«Guardo giù nella strada e mi ricordo di colpo l’impressione che ebbi all’arrivo, quando, passato l’arco di trionfo imperiale sulla piazza Sadowa, uguale a quelli che da Roma emigrarono nel nord, mi trovai tra la folla di Mosca».
Scrittore fra i più significativi del Novecento e sceneggiatore e intellettuale di prim’ordine, è stato anche un apprezzatissimo giornalista e reporter di viaggio. Partito dall’entroterra della Calabria – era nato nel 1895 a San Luca, sperso cuore dell’Aspromonte –, Corrado Alvaro visitò il mondo spingendosi fino in Russia, alimentando, più che appagando, con l’errare la sua inestinguibile sete di conoscenza verso tutto quello che era incognito e straniero. Sete che aveva come origine l’inesauribile passione per la letteratura, su tutte quella francese – nel 1923 tradusse parti de La prigioniera, quinto volume della Recherche di Marcel Proust – e quella, appunto, russa.
La Russia di Corrado Alvaro
E per un uomo occidentale la Russia, oggi come ieri, è senz’altro il primo e più immediato approdo corrispondente a un mondo cosiddetto “altro”. La misteriosa Russia – o per meglio dire, la Repubblica socialista russa, principale repubblica dell’Unione Sovietica sorta nel 1922 sulle macerie dell’Impero russo a seguito dell’aspra guerra civile e del Terrore rosso – catturò la curiosità di Corrado Alvaro. Lo scrittore calabrese ebbe modo di visitarla fra la primavera e l’estate del 1934 come inviato speciale de La Stampa.
Quell’eccezionale relazione di viaggio uscì a puntate sulle colonne del quotidiano torinese, che al tempo dirigeva Alfredo Signoretti. Mondadori, poi, nel 1935 la raccolse nel volume I maestri del diluvio. Viaggio nella Russia Sovietica, pubblicato poi anche col titolo, editorialmente più efficace, Viaggio in Russia.
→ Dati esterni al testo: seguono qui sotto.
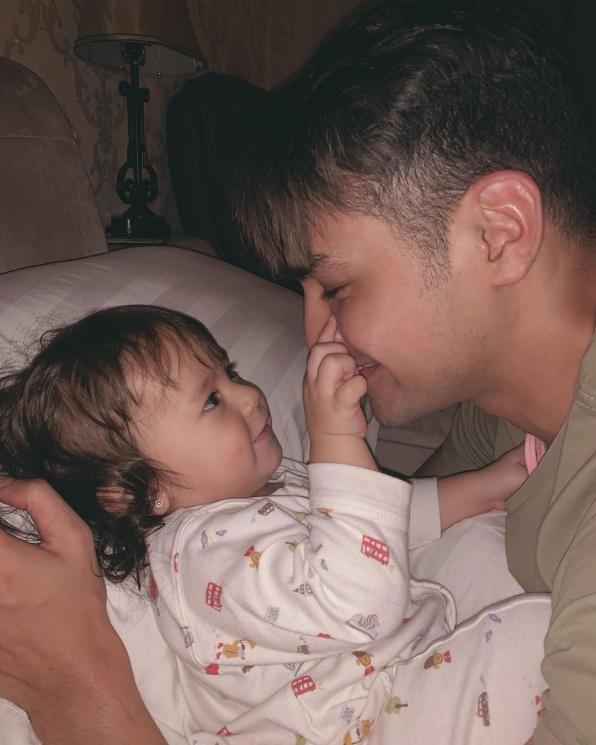 Asmirandah menggungah potret manis Jonas Rivanno dan Baby Chloe. (Instagram/asmirandah89)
Per Corrado Alvaro l’attività giornalistica fece da preludio a quella letteraria. Già nel 1916 – durante la Grande Guerra e ancora prima di contrarre matrimonio con Laura Babini – il sanluchese cominciò a collaborare per alcune testate come Il Resto del Carlino, Il Corriere della Sera, Il Mondo, Il Becco giallo. Quei lavori anticiparono la pubblicazione, nel 1917, dei suoi primi versi, raccolti nel libricino Poesie grigioverdi, delle sue prime novelle, La siepe e l’orto, edite nel 1920, e soprattutto del suo primo romanzo, L’uomo nel labirinto, pubblicato nel 1926.
Antifascismo e amicizie
Furono anni decisivi per il Paese. Il 1922 coincise con l’avvento del Fascismo e l’inizio di un ventennio che segnò in maniera indelebile la storia italiana del Ventesimo secolo. Alvaro mantenne una certa distanza dal Partito nazionale fascista e fu fra i firmatari del Manifesto degli intellettuali antifascisti di Benedetto Croce. Ciononostante la sua attività culturale non fu ostacolata dal regime, come accadde invece a molti altri uomini di cultura dell’epoca.
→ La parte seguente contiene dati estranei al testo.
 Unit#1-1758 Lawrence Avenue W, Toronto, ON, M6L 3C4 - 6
Collaborò col Popolo di Roma, testata filofascista di cui, per un breve periodo nell’estate del ’43, appena conclusa la parabola antidemocratica dello Stivale, ricoprì anche il ruolo di direttore. Taluni spiegano la clemenza del regime verso l’intellettuale calabrese attraverso la grande amicizia con Margherita Sarfatti, giornalista, critica d’arte, confidente e musa ispiratrice di Benito Mussolini.
Nel 1934, anno di altissimo consenso del popolo italiano verso il governo Mussolini – precedette le “imprese” fasciste in Abissinia che assai entusiasmarono le piazze del Belpaese –, Corrado Alvaro ottenne quindi l’incarico dalla Stampa di realizzare un reportage nella Russia di Stalin.
Dopo la Rivoluzione del 1917
Si trattava di visitare un pianeta per definizione inintelligibile, che ha da sempre effuso un miscuglio di seduzione e repulsione, dato vita a scenari distorti e sentimenti contrastanti nell’uomo occidentale, attratto da quel misterioso – perché distante e perciò oscuro e poco raccontato nella sua vera essenza – mondo al di là del trentesimo meridiano Est. Un sentimento che ha origini antiche e senza dubbio ingigantitosi con la Rivoluzione bolscevica del 1917, il crollo dell’Impero degli zar e l’istituzione dell’Unione Sovietica col suo modello economico e sociale che proponeva di “esportare” nel Vecchio Continente.

La Russia, la terra del samovar, della balalaika e della banja, delle cupole a cipolla e delle foreste di larici e betulle, il Paese venato dai lunghissimi fiumi: la Lena, il Volga, l’Oka, il Don, l’Ob’, l’Amur, l’Enisej. Un universo in bilico tra Oriente e Occidente che nel Novecento, dopo la Rivoluzione, ha ammaliato ed entusiasmato sempre più cronisti e scrittori. Fra questi, anche Joseph Roth e Stefan Zweig, autori, fra il 1926 e il 1928, di relazioni di viaggio poi confluite in note opere letterarie.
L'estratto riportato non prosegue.